Publicado por MARIA MIR-ROCAFORT - WEB

Bloguera. Columnista

Un comentario en “La política en el alma

  1. María Mir-Rocafort nos tiene acostumbrados a abrirse en canal para expresar, con gran maestría, sentimientos que todo ser humano digno de llamarse así tiene.

    Escribir en los tiempos de la cólera no es fácil. Los discursos sosegados y sensatos se apagan, no pocas veces, con el griterio desaforado de los ignorantes, de los politiquillos y sus medios afines, esos que solo buscan el poder y el dinero a costa de lo que sea menester.

    Polítiquillos recién llegados a la política nacional, Feijóo es un claro exponente de ello, consigue en dos años un patrimonio de 600 mil euros con unos ingresos, declarados, de 140 mil euros anuales. En este monto no figura el valor de los inmuebles que posee.
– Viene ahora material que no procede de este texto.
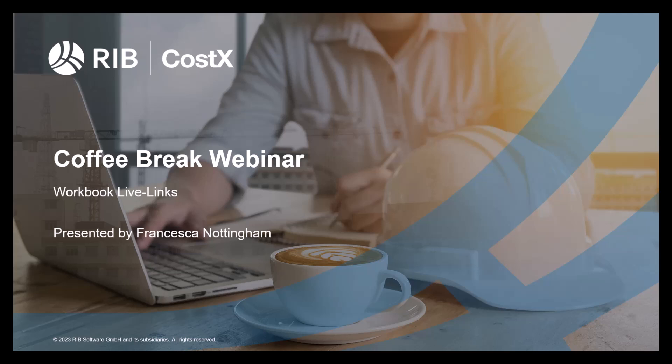Welcome everyone to the latest Coffee Break webinar by RIB CostX. My name is Francesca Nottingham and I'm a CostX consultant in RIB software. As you can see on screen, this month's topic is workbook live links.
    La alcaldesa de Marbella tiene un patrimonio de más de 12 millones de euros, declarados. Su carrera profesional fue de médica de familia hasta 1994 que entra en política.

    La presidenta de la CAM, Isabel Díaz Ayuso solo declara la nuda propiedad de un piso y unos ingresos de 103 mil euros anuales, por cierto, un 20% más que el presidente del Gobierno.

    Pero Ayuso tiene una magnífica fórmula para, supuestamente, recolectar dinero público para su particular hucha, algo tan viejo como el mundo: un testaferro.

    Dejando de lado el dinero, mi pregunta, me la hago siempre que oigo a alguno de estos politiquillos: ¿Qué aportan a la sociedad, qué hacen por los demás, y por los demás no me refiero a los Quiron y la compaña, hacen algo positivo, tienen una idea clara de como llevar las rindas de un país, una CA o un ayuntamiento?

    Siempre me respondo lo mismo: No, en absoluto, nada, todo es ruido, furia y viento.

    Afortunadamente tenemos un presidente de Gobierno, unos políticos en la izquierda, que sí se ocupan de las preguntas que yo me hago, que sí mejoran la vida de sus conciudadanos para los que gobiernan. No roban, no se ponen sueldos de ejecutivo de multinacional, son empáticos y prefieren hacer a gritar y patalear.

    El asunto de escribir, amiga mía, lo tocaré otro día, estoy seguro de que te va a interesar.